Exercise description:
Look below for the line that has "Photo of property". Set down the lines from there through the line that has "42 Jacob St, Chicopee, MA 01020 photo 6", exactly as written.

Listed entries:
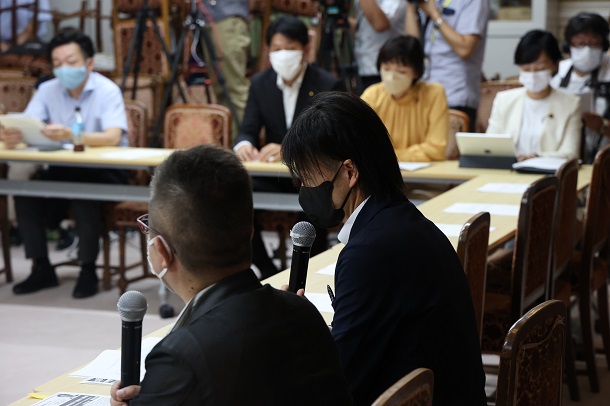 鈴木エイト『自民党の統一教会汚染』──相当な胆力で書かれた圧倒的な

* * *

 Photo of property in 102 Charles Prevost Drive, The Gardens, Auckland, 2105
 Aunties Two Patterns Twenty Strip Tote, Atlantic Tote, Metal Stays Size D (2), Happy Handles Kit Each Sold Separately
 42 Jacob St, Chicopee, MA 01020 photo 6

Output for this exercise:
 Photo of property in 102 Charles Prevost Drive, The Gardens, Auckland, 2105
 Aunties Two Patterns Twenty Strip Tote, Atlantic Tote, Metal Stays Size D (2), Happy Handles Kit Each Sold Separately
 42 Jacob St, Chicopee, MA 01020 photo 6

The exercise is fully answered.